14. Wees in het hier-en-nu met volledige aandacht voor de ander
- Geef je volledige aandacht aan de persoon waarmee je in gesprek bent, en focus je volledig. Je bent volledig in het hier-en-nu met de ander. Elon Musk staat hier bekend om. Hij behoudt de focus die hij met je heeft, zelfs na heel lang gecomputerd te hebben. Niks is erger dan ogen die achter je langs kijken om te zien of er iemand interessanters aanwezig is.
- Wat is een manier om dit te bereiken? Door in je lichaam te blijven (in plaats van je hoofd). Dat doe je door jezelf te aarden. Verbind je energie met de grond. De aarde voedt ons, kalmeert ons, helpt ons met onze emoties en houdt ons in ons lichaam.
- Een andere manier is zintuiglijke scherpzinnigheid. Heb aandacht voor alles en iedereen om je heen – wees bewust. Richt je aandacht naar buiten toe, zet je perifeer zicht aan en wees bewust van de energie om je heen en hoe het je beïnvloedt.
15. Ja én!
- Zeg ‘ja, en’ in plaats van ‘ja, maar’. ‘Ja’ zeggen is volgen. Je parafraseert of echoot wat je gesprekspartner zegt. `En’ zeggen is leiden. Vervolgens leid je met jouw ideeën en bemoedigingen. In het Milton Model wordt altijd ‘en' gebruikt in plaats van ‘maar'. Dit principe is het overeenstemmingskader, zoals toegelicht in het artikel over volgen en leiden.
16. Glimlach! Heb een zachte liefdevolle energie
- Heb een glimlach. Of nog beter, heb een stralende, ondeugende, wakkere lach. Die krijg je als je in contact bent met je intuïtie. Je hebt dan een zachte, liefdevolle energie met stralende ogen. Je doet ertoe. Je straalt passie uit en: ‘zin in het leven!'
17. Wees intuïtief, want een klik is vaak een pure 'toevalstreffer'
- Een 100% zuivere klik met iemand is vaak een pure ‘toevalstreffer'. En niet iedereen kan toevalstreffers krijgen. Je krijgt dit soort ‘synchroniciteiten‘ als je je laat leiden door je intuïtie. Soms geeft jouw hart (je intuïtie dus) je iets in om te doen of juist te laten. Volg je je intuïtie, dan kan zomaar hart-tot-hart-communicatie ontstaan. Hier vind je 89+ tips om je intuïtie te volgen.

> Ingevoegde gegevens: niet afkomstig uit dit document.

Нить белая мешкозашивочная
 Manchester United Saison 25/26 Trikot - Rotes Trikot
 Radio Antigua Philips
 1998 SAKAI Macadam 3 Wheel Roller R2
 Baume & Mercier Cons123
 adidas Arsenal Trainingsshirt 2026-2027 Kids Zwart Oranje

18. Ontmoet mensen steeds weer als nieuw persoon
- Als je iemand die je al kent, tegenkomt, ontmoet dan geen wandelende persoonlijke geschiedenis. Houd je niet bezig met wat je van de ander weet of vindt. Laat iedere ontmoeting met mensen vers zijn. Wat is hun energie? Hun emotie? Tune in de mens.
- Hoe? Leg je hand op je buik. Adem diep in en uit. Langzaam. Blijf zintuiglijk scherp en merk steeds iets nieuws op aan de ander. Met aandacht.
19. Focus op het centrum van je hart of je buik
Weet je niet wat je moet zeggen, ben je niet echt aan het luisteren en merk je dat je van binnen mentaal commentaar aan het maken bent? Dan moet je deze tip eens uitproberen! Je hebt vast wel eens iemand horen zeggen: ”bij jezelf' blijven tijdens een gesprek.' Maar wat betekent die vage kreet nou precies? Het betekent dat je de volgende stappen onderneemt:
Deze tip is erg simpel, rustgevend en hartstikke effectief.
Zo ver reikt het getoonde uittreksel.